You have non-unique labels; you can use a defaultdict
to generate numbers on first access, combined with a counter:
from collections import defaultdict
from itertools import count
from functools import partial
label_to_number = defaultdict(partial(next, count(1)))
[(label_to_number[label], label) for label in labels]
This generates a count in order of the labels first occurrence in labels
.
Demo:
>>> labels = ["brown", "black", "blue", "brown", "brown", "black"]
>>> label_to_number = defaultdict(partial(next, count(1)))

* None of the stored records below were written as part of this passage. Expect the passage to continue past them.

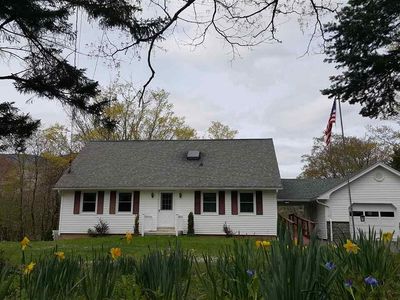 1658 Platte Clove Rd, Elka Park, NY, 12427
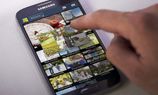 List of Smartphones and Tablets Launched for the Week Ending April 28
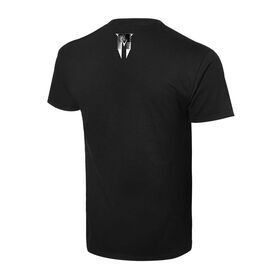 Drew McIntyre "Big Daddy Claymore" Special Edition T-Shirt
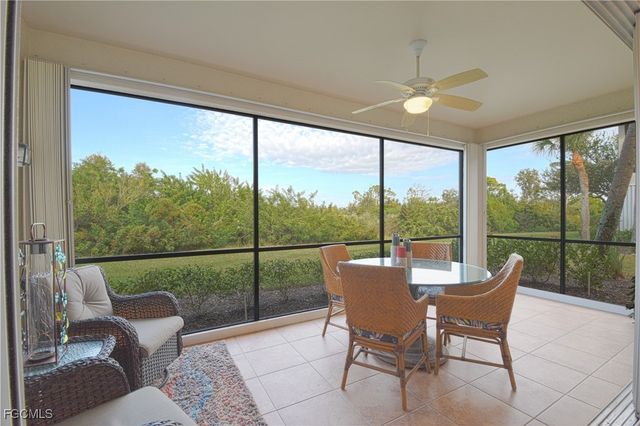 4679 Club DR 102, Port Charlotte, FL 33953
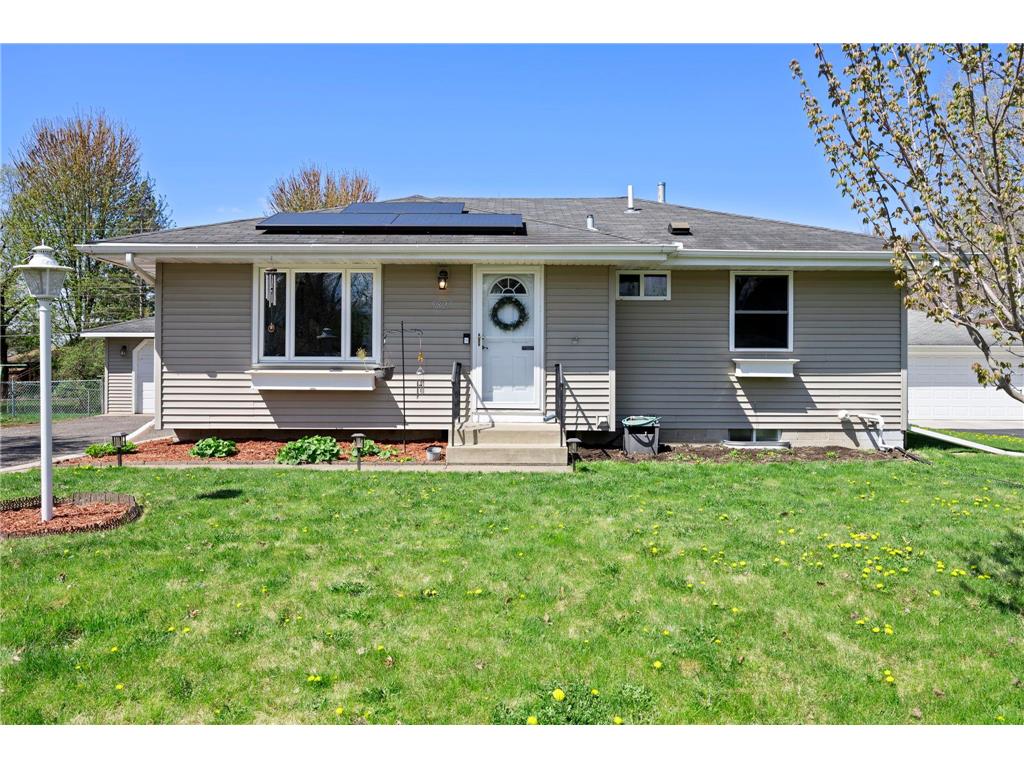 5825 Ensign Avenue N New Hope MN 55428 7029129 image3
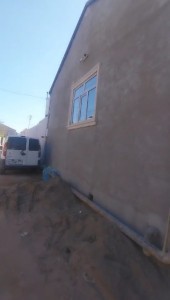 image 376914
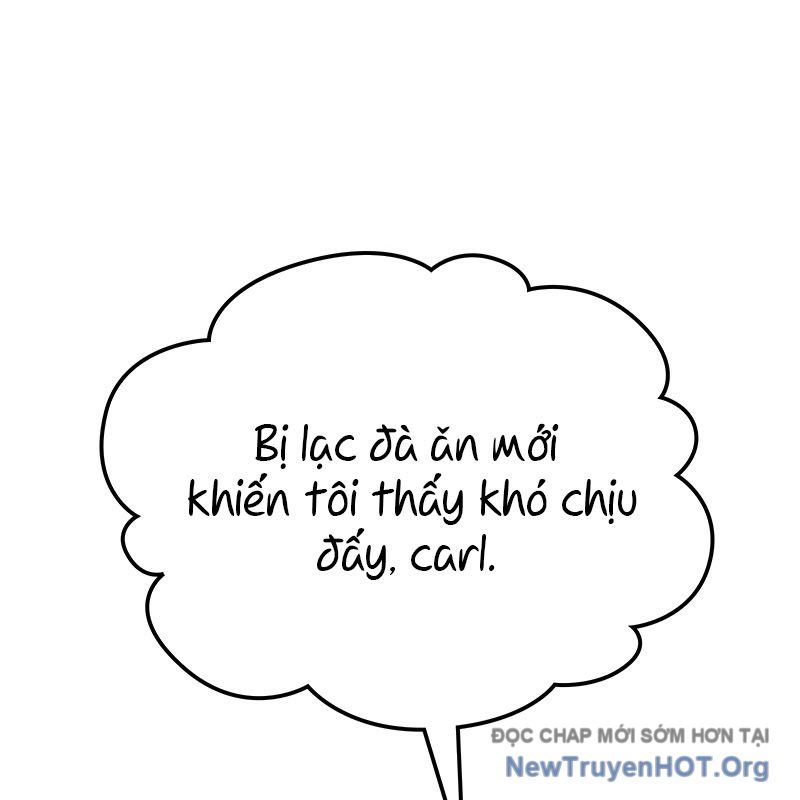 Mạo Hiểm Giả Carl: Chapter 6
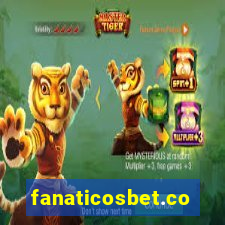 fanaticosbet.com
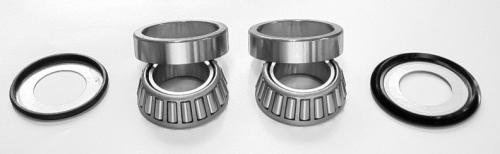 TOURMAX STEERING STEM BEARING, SSH908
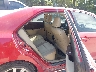 4T1BK1FK8EU****** Wrecked 2014 Toyota Camry in Kansas City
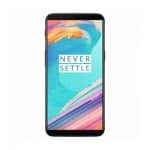 OnePlus 5T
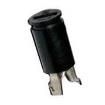 0031.3555 Fuse Holder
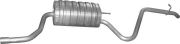Polmostrow 4759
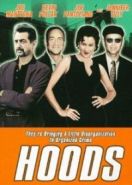 Громилы (1998) Hoods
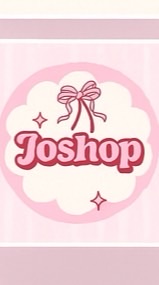 Jo日韓代購∣質感選物⟣꙳⋆⋆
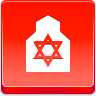 Synagogue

>>> [(label_to_number[label], label) for label in labels]
[(1, 'brown'), (2, 'black'), (3, 'blue'), (1, 'brown'), (1, 'brown'), (2, 'black')]
Because we are using a dictionary, the label-to-number lookups are constant cost, so the whole operation will take linear time based on the length of the labels
list.
Alternatively, use a set()
to get unique values, then map these to a enumerate()
count:
label_to_number = {label: i for i, label in enumerate(set(labels), 1)}
[(label_to_number[label], label) for label in labels]
This assigns numbers more arbitrarily, as set()
objects are not ordered:
>>> label_to_number = {label: i for i, label in enumerate(set(labels), 1)}
>>> [(label_to_number[label], label) for label in labels]
[(2, 'brown'), (3, 'black'), (1, 'blue'), (2, 'brown'), (2, 'brown'), (3, 'black')]
This requires looping through labels
twice though.
Neither approach requires you to first define a dictionary of labels; the mapping is created automatically.